A. A.: Je pense que j’aurais du mal à employer le terme réécriture de l’histoire parce que je me contente de faire en sorte que les films soient visibles et accessibles à un public large. C’est d’ailleurs dans cette perspective qu’on a aussi travaillé à l’édition d’un coffret sur le cinéaste : pour que les films puissent être montrés à l’intérieur de médiathèques, des bibliothèques, que ce ne soit pas juste quelque chose qui existe à l’intérieur d’un certain circuit de cinéma. C’est un travail assez conséquent en effet, qui oscille entre le rapport aux ayants droit et le rapport aux structures qui demandent d’avoir les films, soit faire en sorte que tout ça soit accessible de la meilleure manière qui soit.

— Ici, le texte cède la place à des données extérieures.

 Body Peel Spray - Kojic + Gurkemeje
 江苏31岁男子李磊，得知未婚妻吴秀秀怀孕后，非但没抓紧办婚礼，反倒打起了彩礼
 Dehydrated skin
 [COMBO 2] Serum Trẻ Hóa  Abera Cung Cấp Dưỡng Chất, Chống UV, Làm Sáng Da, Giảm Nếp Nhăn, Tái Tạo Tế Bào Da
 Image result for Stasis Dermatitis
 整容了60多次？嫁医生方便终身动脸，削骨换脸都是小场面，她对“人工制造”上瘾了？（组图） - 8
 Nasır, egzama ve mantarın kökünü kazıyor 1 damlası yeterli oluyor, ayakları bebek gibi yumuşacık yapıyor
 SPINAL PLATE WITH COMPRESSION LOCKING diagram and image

Ce qui est très agréable en travaillant sur ce fonds, c’est que les positionnements politiques qui sont proposés dans les films de Med Hondo correspondent à des sujets qui me sont chers. Et c’est un privilège au sens où on ne peut pas toujours travailler sur des contenus qui nous plaisent et résonnent autant. Publiquement, quand je parle des films, je m’efforce d’être au plus près des faits. N’ayant pas connu Med Hondo, mais ayant connu des documents qui me parlent de lui, j’aime rester proche des archives pour essayer d’expliquer aux gens ce que je sais être réel et concret. Et ça donne avant tout un point de vue sur la fabrication de ses films. Je donne souvent l’exemple de Bicots-nègres, nos voisins (1973) où je parle du didactisme de Med Hondo lorsque je le présente. Je trouve intéressant, sinon important, d’avoir cet article que je peux citer (paru dans la Revue Action, en 1974, à la sortie du film) et qui explique pourquoi il y a une forme de didactisme dans ce film. Med Hondo a répété que c’était quelque chose d’important pour lui, qu’il cherchait ainsi à faire passer un message par et pour les Africains, les incitant à rentrer sur le continent.

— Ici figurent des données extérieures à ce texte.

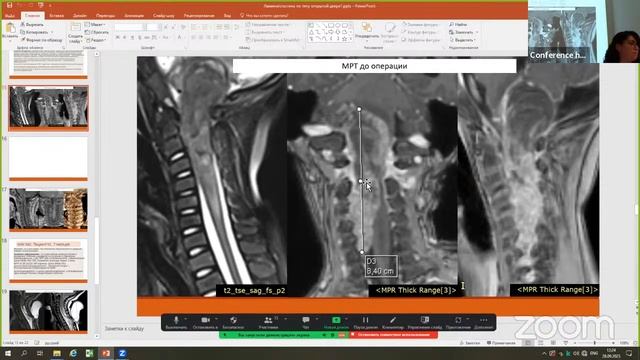Surgical Treatment Of Cervical Spondilogenic Myelopathy Laminoplasty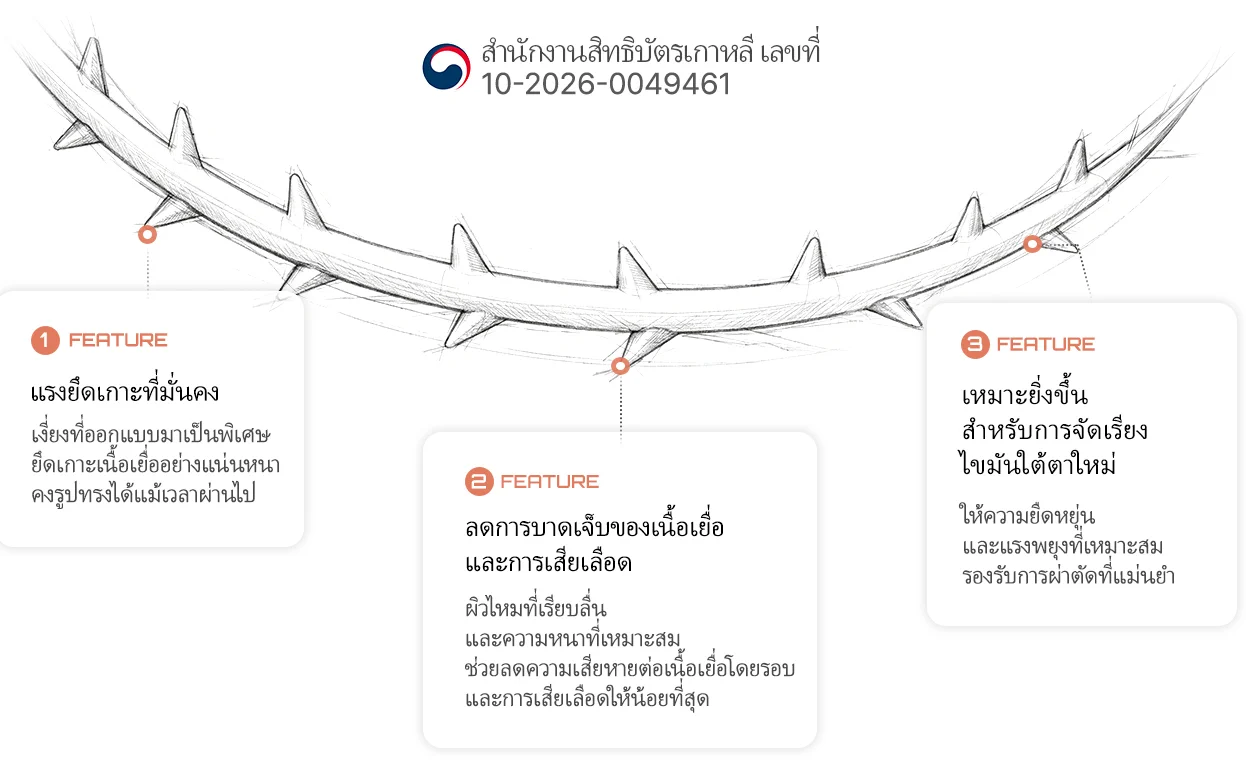 ไหมเย็บเฉพาะสำหรับใต้ตา — สำนักงานสิทธิบัตรเกาหลี เลขที่ 10-2026-0049461. FEATURE 1 แรงยึดเกาะที่มั่นคง: เงี่ยงที่ออกแบบมาเป็นพิเศษยึดเกาะเนื้อเยื่ออย่างแน่นหนา คงรูปทรงได้แม้เวลาผ่านไป. FEATURE 2 ลดการบาดเจ็บของเนื้อเยื่อและการเสียเลือด: ผิวไหมที่เรียบลื่นและความหนาที่เหมาะสม ช่วยลดความเสียหายต่อเนื้อเยื่อโดยรอบและการเสียเลือดให้น้อยที่สุด. FEATURE 3 เหมาะยิ่งขึ้นสำหรับการจัดเรียงไขมันใต้เบ้าตาใหม่: ให้ความยืดหยุ่นและแรงพยุงที่เหมาะสม รองรับการผ่าตัดที่แม่นยำ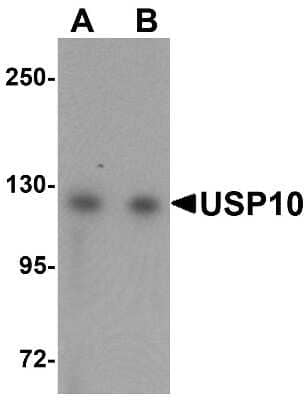 Western Blot: USP10 Antibody [NBP1-77170] - Jurkat cell lysate with USP10 antibody at (A) 1 and (B) 2 ug/mL.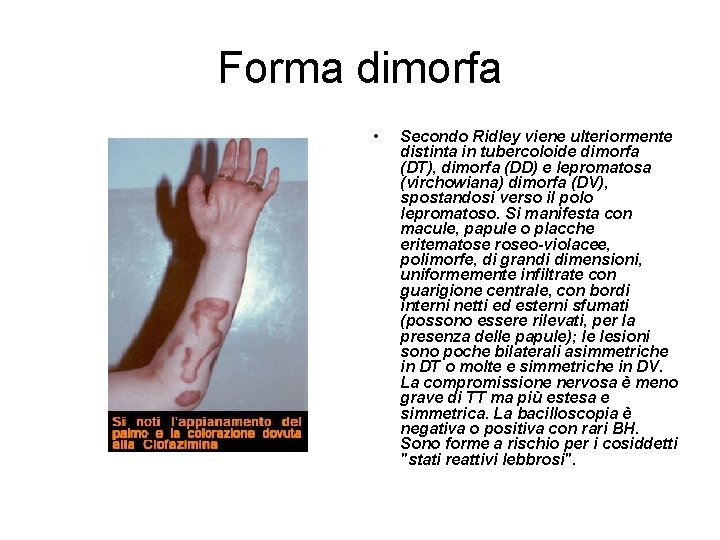 Forma dimorfa • Secondo Ridley viene ulteriormente distinta in tubercoloide dimorfa (DT), dimorfa (DD)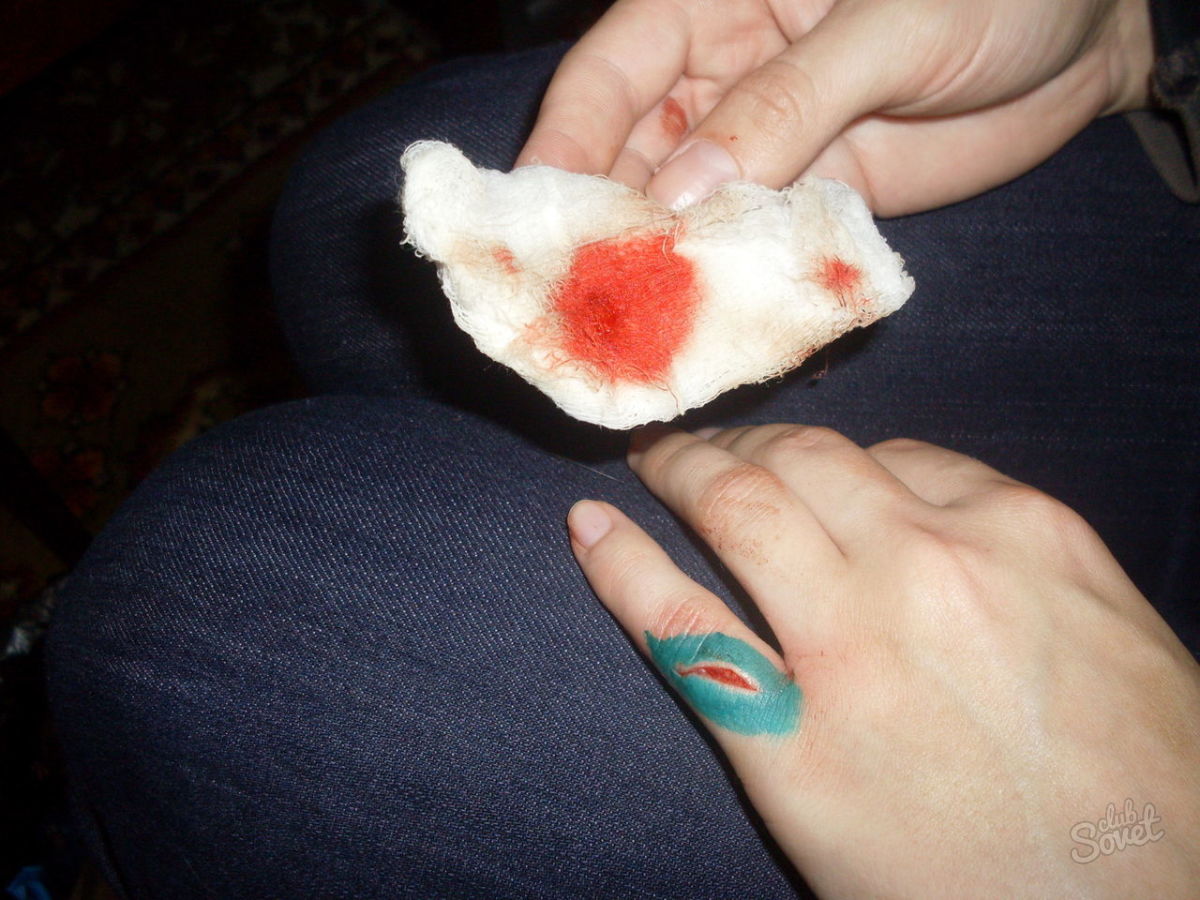 كيف لوقف الدم من الإصبع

M. T. : On imagine sans peine que le corpus Med Hondo puisse engendrer des réactions fortes et aussi contrastées en fonction des publics à qui il est présenté.
A. A.: C’est vrai que tout dépend de l’endroit où je présente. Quand j’ai présenté West Indies en Martinique, j’ai entendu des gens rigoler à des parties différentes du film ou se manifester à la lecture du générique, juste parce qu’ils y reconnaissaient des noms. La grande différence, si je peux la nommer ainsi, se produit lorsque les films de Med Hondo sont présentés à des publics concernés par ce dont les films parlent au cours des présentations. J’ai pu assister, par ailleurs, à des réactions extrêmement virulentes à l’encontre de West Indies ou de Sarraouina, et aussi à des réactions de malaise. Et puis j’ai pu voir des gens qui étaient bouleversés par le visionnage de ces films, sans pour autant connaître ou être initiés à l’histoire des diasporas en France.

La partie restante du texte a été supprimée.